[Records for the task — start]

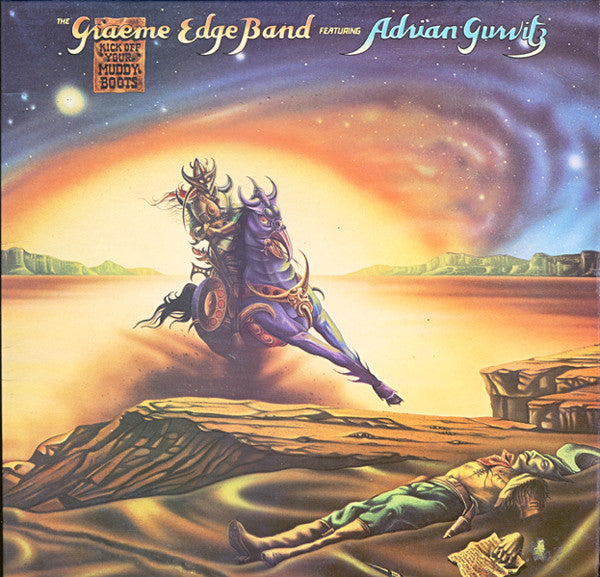 The Graeme Edge Band Featuring Adrian Gurvitz ~ Kick Off Your Muddy Boots (Vinyl) - Djungel & Jazz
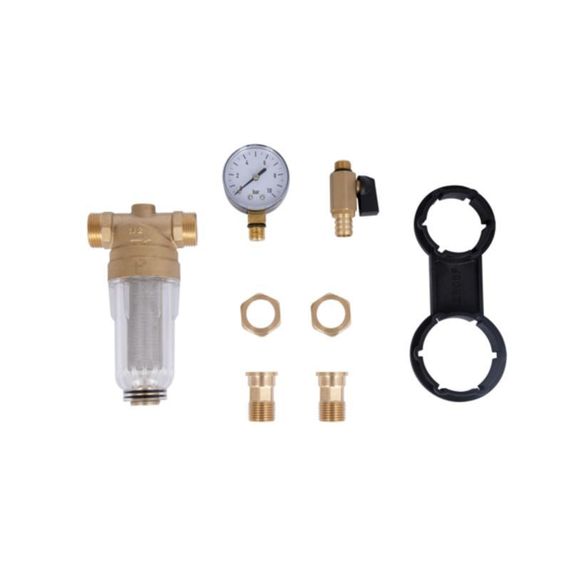 Фільтр самопромивний Thermo Alliance Standart 1/2" тонкого очищення, пластикова колба TAS128W15 | Зображення 5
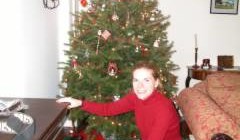 Kat and Kat at Xmas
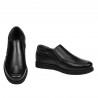 Casualowe buty męskie 962 czarne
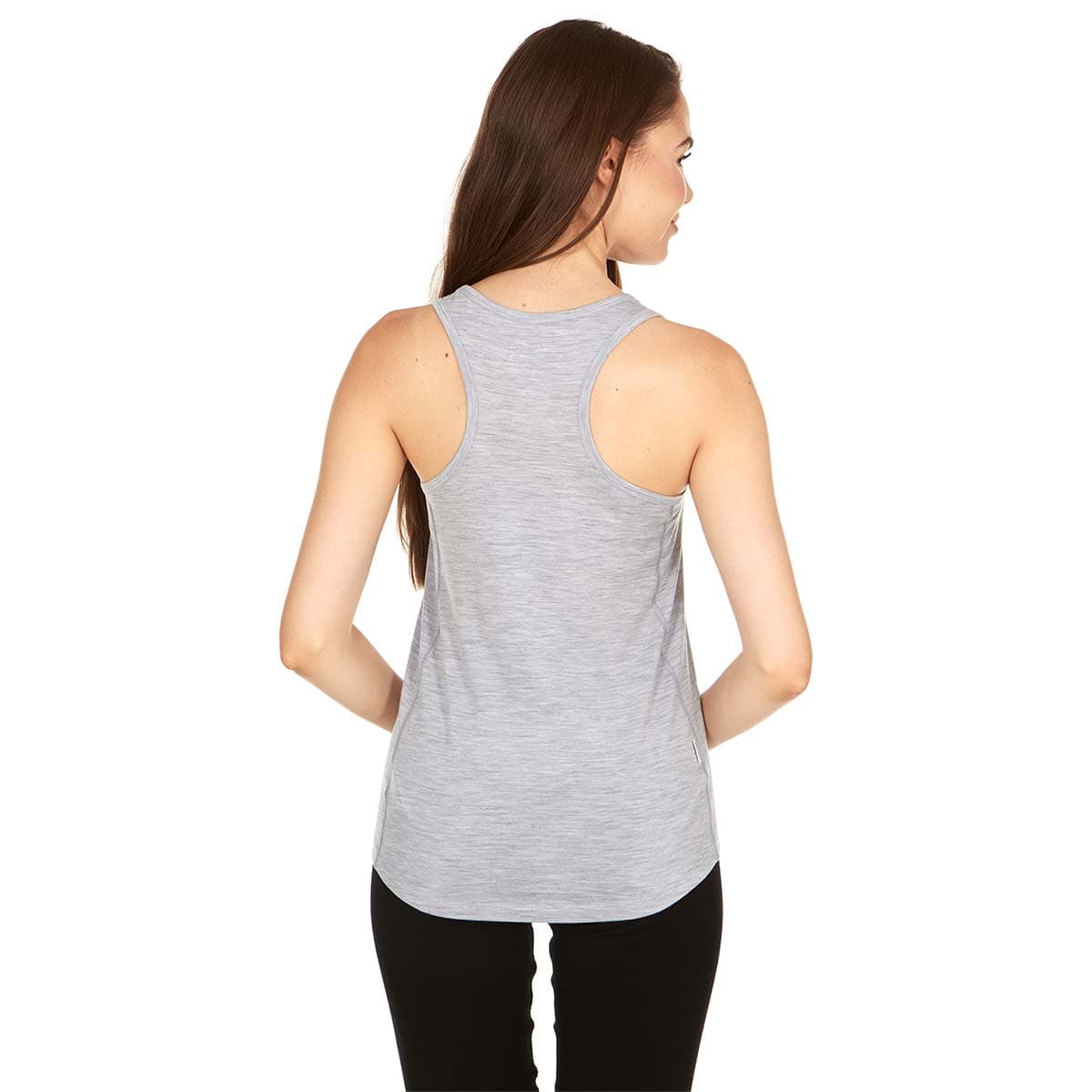 Microweight - Women's Wool Racerback Tank Top Woolverino - Concordia Style Boutique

[Records for the task — finish]

(Task prompt):
Since the pictures are not wanted, give the material again exactly without them.

(Exercise output):
 The Graeme Edge Band Featuring Adrian Gurvitz ~ Kick Off Your Muddy Boots (Vinyl) - Djungel & Jazz
 Фільтр самопромивний Thermo Alliance Standart 1/2" тонкого очищення, пластикова колба TAS128W15 | Зображення 5
 Kat and Kat at Xmas
 Casualowe buty męskie 962 czarne
 Microweight - Women's Wool Racerback Tank Top Woolverino - Concordia Style Boutique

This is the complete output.